● Excerpted records

------

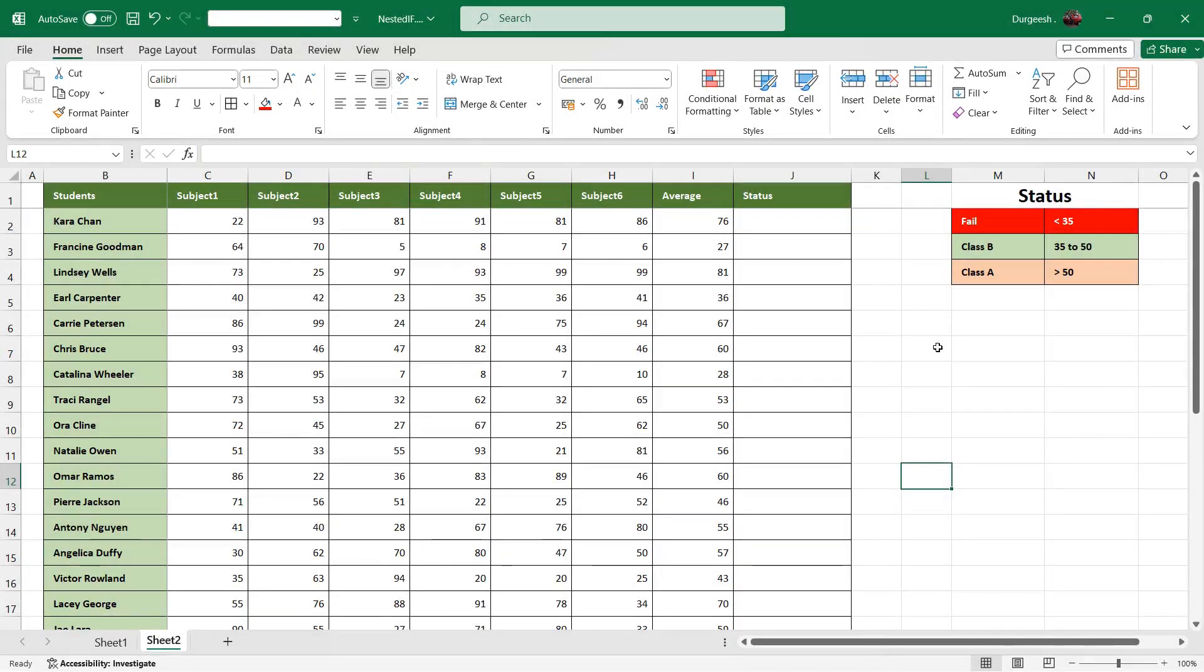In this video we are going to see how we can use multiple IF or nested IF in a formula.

------

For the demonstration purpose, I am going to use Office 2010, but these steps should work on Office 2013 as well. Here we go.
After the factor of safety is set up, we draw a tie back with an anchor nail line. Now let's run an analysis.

------

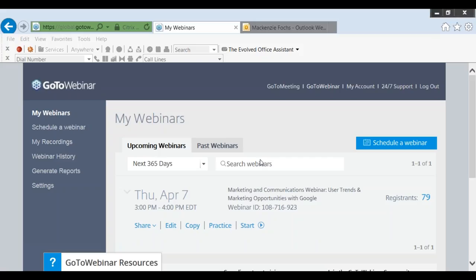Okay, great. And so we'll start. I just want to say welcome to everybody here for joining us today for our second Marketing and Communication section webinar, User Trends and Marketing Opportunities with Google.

------

● Aim of the task
Retype exactly, and only, the lines above from the one where "For the demonstration" occurs up to and including the one where "After the factor" occurs.

● Solution to the problem
For the demonstration purpose, I am going to use Office 2010, but these steps should work on Office 2013 as well. Here we go.
After the factor of safety is set up, we draw a tie back with an anchor nail line. Now let's run an analysis.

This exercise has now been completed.